Jim O’ Mahony scite author profile

Given their potential as specific and natural biocontrol agents, bacteriophages and their associated proteins have become the focus of renewed attention over the last decade. The aim of this study was to use a comparative modelling approach to generate a predicted 3D structure for LysB; a 332 amino acid lipolytic enzyme encoded by the mycobacteriophage Ardmore. The GXSXG pentapeptide, characteristic of lipolytic enzymes, was located at amino acid position 166-170. The three absolutely conserved residues among mycobacteriophage LysB proteins were also identified in Ardmore LysB as Ser-168, Gly-203 and Pro-205. CATH analysis of Ardmore LysB revealed a mainly Beta classification, Beta Barrel architecture and a topology similar to maltoporin.

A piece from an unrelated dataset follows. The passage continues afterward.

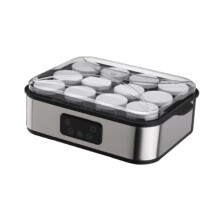 Yogurt Maker with 12 Glass Jars for Restaurant Dining Room Kitchen App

This is unlike the α/β hydrolase structure reported for the D29 LysB protein and, in fact appears in only 3 other sequenced LysB homologues to date. A search for conserved motifs within the amino acid sequence of LysB revealed the presence of both a cutinase motif and a PE-PPE motif. This study presents an in silico 3D predictive model of Ardmore lysin and confirms the high diversity of mycobacteriophages LysB proteins both at the sequence (2D) and structural (predicted 3D) levels.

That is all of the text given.